Le bénéficiaire de l’assistance judiciaire est, dans la mesure de l’art. 123 CPC, tenu au remboursement de l’indemnité au conseil d’office mise à la charge de l’Etat.
Par ces motifs, la Cour d’appel civile prononce :
I. L'appel est partiellement admis.
II. Le jugement est réformé au ch. II de son dispositif comme il suit:
II. B., titulaire de la raison individuelle [...], est reconnu débiteur de J. et lui doit immédiat paiement du montant brut de 10'430 fr. 80 (dix mille quatre cent trente francs et huitante centimes), sous déductions des charges sociales et contractuelles, avec intérêts à 5% l'an dès le 1er décembre 2013.
Le jugement est confirmé pour le surplus.
III. L'indemnité de Me Habib Tabet, conseil d'office de l'intimé J.________ est arrêtée à 954 fr. 50 (neuf cent cinquante-quatre francs et cinquante centimes), débours et TVA compris.

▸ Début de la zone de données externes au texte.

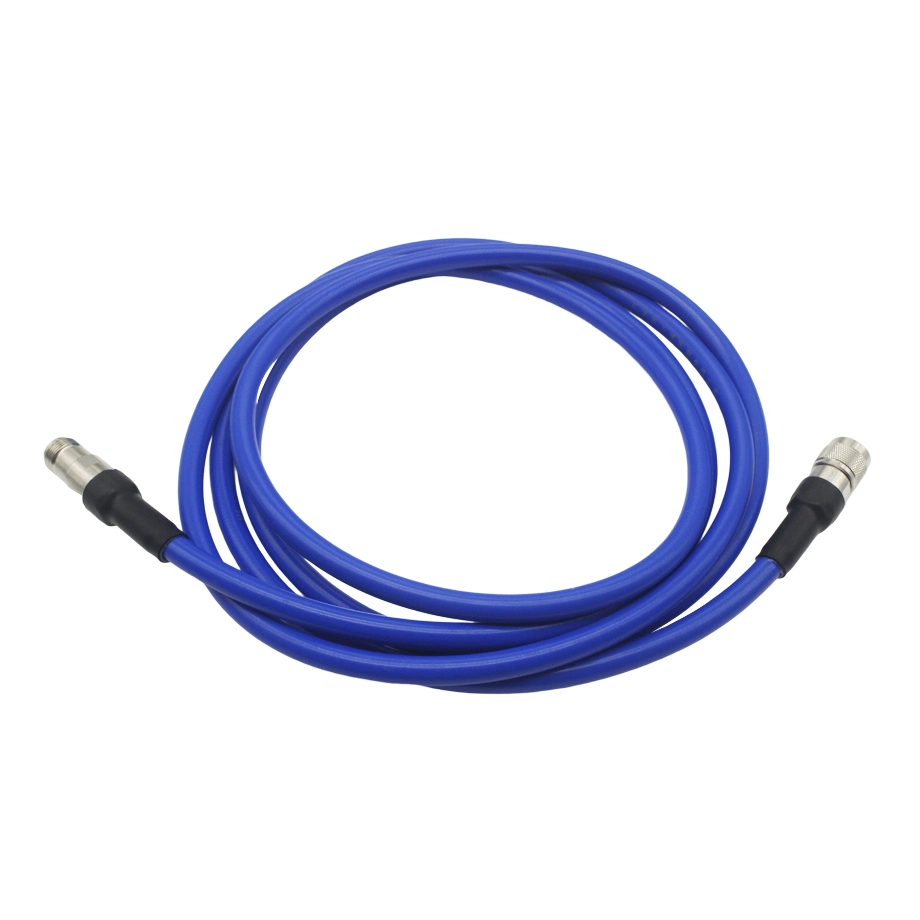 50ohm RF Cable N Female to SMA Male Semi-Flex Connector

IV. Le bénéficiaire de l'assistance judiciaire est tenu, dans la mesure de l'art. 123 CPC, de rembourser l'indemnité de son conseil, mise à la charge de l'Etat.
V. L'appelant B.________ doit verser à l'intimé J.________ la somme de 1'500 fr. (mille cinq cents francs) à titre de dépens de deuxième instance.
VI. L'arrêt motivé, rendu sans frais judiciaires de deuxième instance, est exécutoire.
Le président : La greffière :
Du
Le présent arrêt, dont le dispositif a été communiqué par écrit aux intéressés le 17 octobre 2016, est notifié en expédition complète à :
‑ Me Eric Stauffacher (pour B.), ‑ Me Habib Tabet (pour J.).
et communiqué, par l'envoi de photocopies, à :
‑ Tribunal de Prud’hommes de l’arrondissement de Lausanne.
La Cour d’appel civile considère que la valeur litigieuse est inférieure à 15'000 francs.
Le présent arrêt peut faire l'objet d'un recours en matière civile devant le Tribunal fédéral au sens des art. 72 ss LTF (loi du 17 juin 2005 sur le Tribunal fédéral – RS 173.110), le cas échéant d'un recours constitutionnel subsidiaire au sens des art. 113 ss LTF. Dans les affaires pécuniaires, le recours en matière civile n'est recevable que si la valeur litigieuse s'élève au moins à 15'000 fr. en matière de droit du travail et de droit du bail à loyer, à 30'000 fr. dans les autres cas, à moins que la contestation ne soulève une question juridique de principe (art. 74 LTF). Ces recours doivent être déposés devant le Tribunal fédéral dans les trente jours qui suivent la présente notification (art. 100 al. 1 LTF).